Shahwar hopes that the US and the West will be alert to Iranian attempts at deception. “The Iranians will use every opportunity to lift the sanctions and stop at a point where they have the technology and the amount of enriched uranium necessary to develop a bomb in the shortest possible time.”
Shahwar noted that General Ali Jaafari, Commander of Iran’s Revolutionary Guard, made clear after media reports of Rouhani’s telephone conversation with President Obama in October that the Iranian security forces (which operate an economic empire similar to the Egyptian military during the Mubarak era) will oppose any concessions to the West that prevent Iran from acquiring a nuclear capability.

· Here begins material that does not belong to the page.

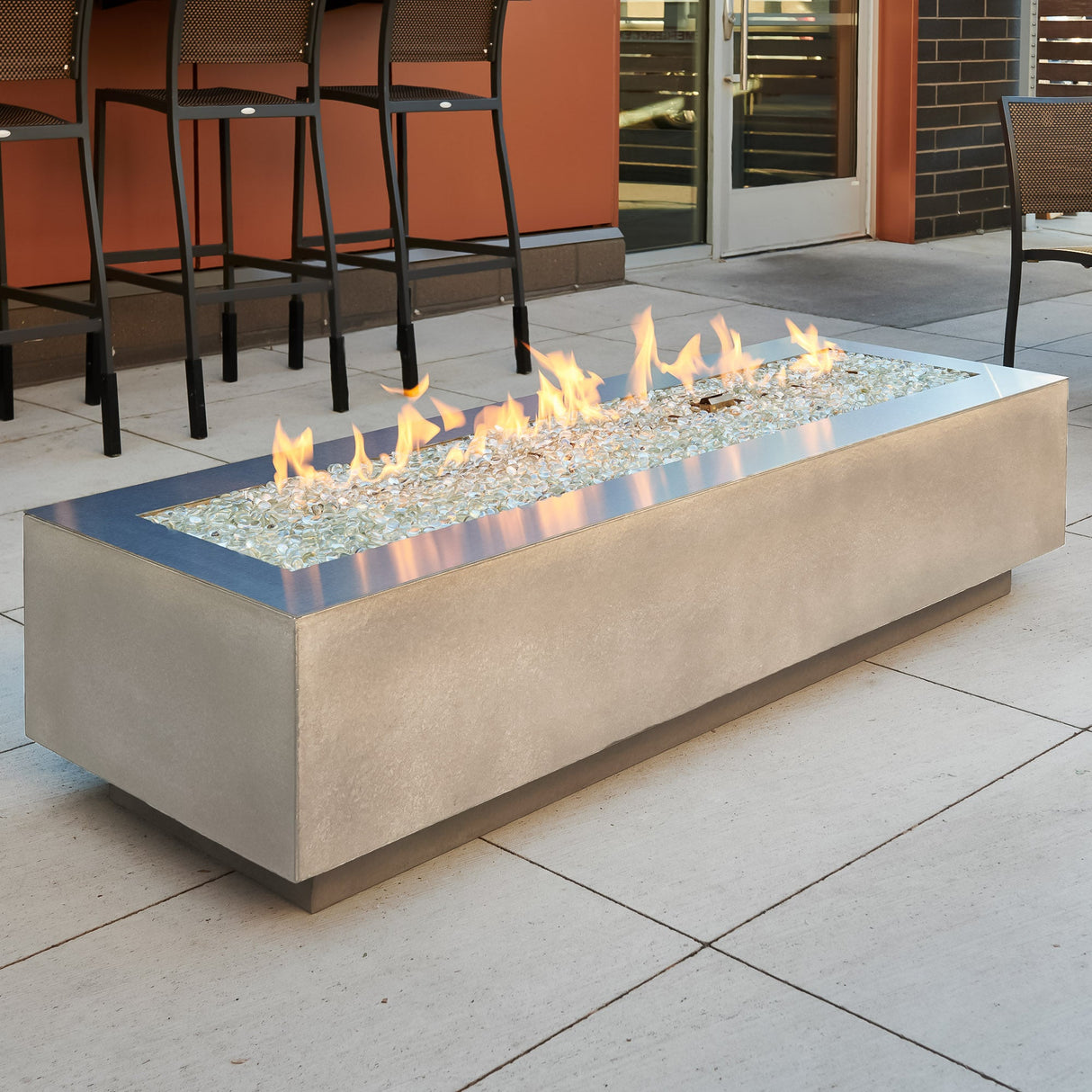 A Stainless Steel overlay placed on a Natural Grey Cove Linear Gas Fire Pit Table 72"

Gen. (ret.) Shlomo Brom, a researcher at the INSS and former Head of the IDF Strategic Planning Branch, sounded a note of caution on this point, “The issue over Iran’s nuclear program is a political and not an economic one, so that the Revolutionary Guard’s ability to block a negotiated agreement with the United States normalising Iran’s nuclear enrichment program can be overrated.”
“Iran can choose to normalise its ties while remaining in an unfriendly state of competition and rivalry with the United States,” he added.
Brom argued that repeated public Israeli threats to prevent an Iranian nuclear capability are damaging to Israel’s position and credibility. He also expressed doubts whether Israel’s mutual interests with some of the Persian Gulf states can be translated with into an open, practical anti-Iran coalition with Saudi Arabia that would have political or diplomatic clout. Instead, Israel should conduct “a very intimate and intense dialogue with the US, its Western partners and even Russia to negotiate an agreement that Israel can live with.”
Turning back the nuclear clock
INSS head Amos Yadlin, a past IDF Chief of Defence Intelligence, discussed the parameters of such a diplomatic agreement which would be good for Israel, stressing it was essential to prevent the materialisation of “the dangerous marriage of a very radical regime calling for Israel’s demise with a very radical weapon.”
“A good agreement turns the Iranian nuclear clock back at least two to four years,” says Yadlin. It must limit the number of permissible centrifuges, confiscate Iran’s stockpile of enriched uranium, already sufficient for seven to nine bombs, shut down its heavy water reactor at Arak, impose a strongly intrusive inspection regime and dismantle Iran’s military program.
In exchange, the Iranians get the sanctions lifted and international recognition of their right to produce nuclear energy for civilian purposes.
Iran is not rushing to build a nuclear bomb but moving at a safe pace that does not provoke the West to military action, so there’s no cause for panic, Yadlin added. The Iranians will develop a bomb when the Supreme Leader decides and when the program has reached its breakout point, which analysts place anywhere between weeks to one year and even longer.